Does a Brown Bear Go To Church?
Brown Butter Rye Whiskey, Chai Syrup, Oloroso Sherry, Cinnamon Tincture, Bitters
Bartender Kharis Ellison formerly of The Lawrence | Atlanta
Yield: 1 cocktail
INGREDIENTS
Brown Butter Rye:
750 milliliters rye whiskey
⅓ cup butter
Cinnamon Tincture:
4 cinnamon sticks, cracked
3 ounces vodka
Chai Syrup:
Yield: 24 ounces
4 bags chai
32 ounces demerara sugar
To Assemble and Serve:
1 dash Angostura orange bitters
¼ ounce Oloroso Sherry
½ ounce rye
Orange peel
METHOD
For the Brown Butter Rye:
In a medium saucepan over low heat, melt butter. Cook until butter begins to brown. In a nonreactive container, combine rye and brown butter, whisking constantly until well combined. Freeze mixture 1 hour. Strain and bottle.

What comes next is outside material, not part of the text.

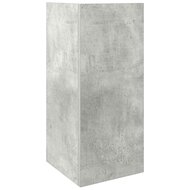 Bijzettafeltje met plank 25,5x27x60 cm betongrijs 6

For the Cinnamon Tincture:
In a siphon, combine cinnamon and vodka. Charge twice and let sit 5 minutes before releasing gas. Repeat process. Strain and transfer to an airtight container. Reserve.
For the Chai Syrup:
In a nonreactive container, combine chai with 16 ounces water. Let brew until desired flavor is achieved. Transfer tea to a saucepan over low heat. Stir in sugar until fully dissolved. Transfer to a squeeze bottle and reserve.
To Assemble and Serve:
In a mixing glass with ice, combine rye whiskey, Sherry, bitters, 1½ ounces Brown Butter Rye, 1 teaspoon Chai Syrup, and 1 dash Cinnamon Tincture. Stir until chilled, then strain into a rocks glass with a large ice cube. Garnish with orange peel.